# Part B Synopses 2018-2019

SB1.1 and SB1.2 Applied and Computational Statistics

Prerequisites: A8 Probability and A9 Statistics

Course Term: Michaelmas and Hilary

Number of Lectures: 26

Level: H-level

Weight: Double unit

Method of Assessment: Written examination plus assessed practical assignments. The practical assignments contribute 1/3 of the marks for SB1. Please see below for the hand-in deadlines for practical assignments.

Learning Outcomes

The course aims to develop the theory of statistical methods, and also to introduce students to the analysis of data using a statistical package. The main topics are: simulation based inference, practical aspects of linear models, logistic regression and generalized linear models, and computer-intensive methods.

SB1.1 Applied Statistics – 13 lectures MT

Synopsis

The normal linear model: use of matrices, least squares and maximum likelihood estimation, normal equations, distribution theory for the normal model, hypothesis tests and confidence intervals.

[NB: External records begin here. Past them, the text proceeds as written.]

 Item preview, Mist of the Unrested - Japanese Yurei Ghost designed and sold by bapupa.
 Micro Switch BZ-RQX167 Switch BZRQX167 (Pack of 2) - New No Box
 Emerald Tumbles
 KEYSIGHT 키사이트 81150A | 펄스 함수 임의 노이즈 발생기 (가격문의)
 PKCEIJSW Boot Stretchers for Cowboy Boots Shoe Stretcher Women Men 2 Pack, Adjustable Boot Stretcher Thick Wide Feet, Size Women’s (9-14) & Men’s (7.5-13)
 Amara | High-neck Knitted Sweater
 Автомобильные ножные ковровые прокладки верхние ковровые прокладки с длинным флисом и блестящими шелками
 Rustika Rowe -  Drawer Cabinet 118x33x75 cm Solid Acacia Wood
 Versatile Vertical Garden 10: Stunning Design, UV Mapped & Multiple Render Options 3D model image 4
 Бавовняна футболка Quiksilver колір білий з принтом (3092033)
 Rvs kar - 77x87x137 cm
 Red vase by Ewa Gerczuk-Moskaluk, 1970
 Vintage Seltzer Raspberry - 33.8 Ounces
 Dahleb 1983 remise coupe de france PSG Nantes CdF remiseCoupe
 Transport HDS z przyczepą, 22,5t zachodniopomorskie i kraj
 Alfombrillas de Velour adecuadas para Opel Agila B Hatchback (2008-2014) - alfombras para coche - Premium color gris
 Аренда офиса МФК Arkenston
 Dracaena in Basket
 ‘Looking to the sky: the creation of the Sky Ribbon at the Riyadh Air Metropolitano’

Practical aspects of linear models and analysis of variance: multiple regression, categorical variables and interactions, blocks and treatments, orthogonality, model selection (including AIC, but not the derivation of AIC), fit criteria, use of residuals, outliers, leverage, model interpretation.

Normal linear mixed models, hierarchical models.

Generalised Linear Models: logistic regression, linear exponential families and generalized linear models, scale parameter, link functions, canonical link. Maximum likelihood fitting. Iteratively reweighted least squares. Asymptotic theory: statement and applications to inference, analysis of deviance, model checking, residuals.

• A. C. Davison, Statistical Models, CUP, 2003
• J.J. Faraway, Linear Models with R, Chapman and Hall, 2005
• A. J. Dobson and A.G Barnett, An Introduction to Generalized Linear Models, Chapman and Hall, 2008
• J.J. Faraway, Extending the Linear Model with R : Generalized Linear, Mixed Effects and Nonparametric Regression Models, Chapman and Hall, 2006

• F. L. Ramsey and D. W. Schafer, The Statistical Sleuth: A Course in Methods of Data Analysis, 2nd edition, Duxbury, 2002.

SB1.2 Computational Statistics – 13 lectures HT

Synopsis

Smoothing methods (local polynomials). Nonparametric inference (bandwidth and Generalised Cross Validation).
Multivariate smoothers and Generalised Additive Models.

Inference using simulation methods. Monte-Carlo Tests. Permutation tests. Rank statistics.

Bootstrapping.

Hidden Markov Models: specification. Forward-backward algorithm. Kalman filter.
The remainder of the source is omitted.